*Source records*:
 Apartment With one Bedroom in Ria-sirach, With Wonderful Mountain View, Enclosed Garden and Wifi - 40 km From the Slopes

--

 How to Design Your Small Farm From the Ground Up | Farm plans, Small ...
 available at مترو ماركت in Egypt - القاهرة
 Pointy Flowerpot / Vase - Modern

==

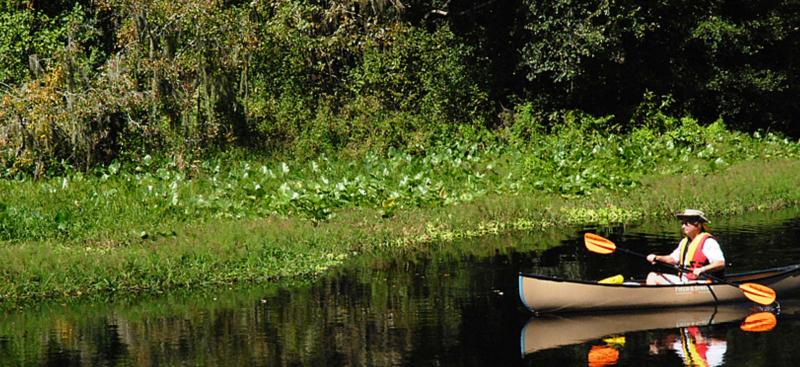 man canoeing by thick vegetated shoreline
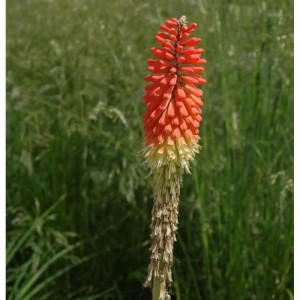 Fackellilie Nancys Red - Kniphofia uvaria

*Problem*:
Copy every line of the data above in which the string "From" appears.

*Solution to the problem*:
 Apartment With one Bedroom in Ria-sirach, With Wonderful Mountain View, Enclosed Garden and Wifi - 40 km From the Slopes
 How to Design Your Small Farm From the Ground Up | Farm plans, Small ...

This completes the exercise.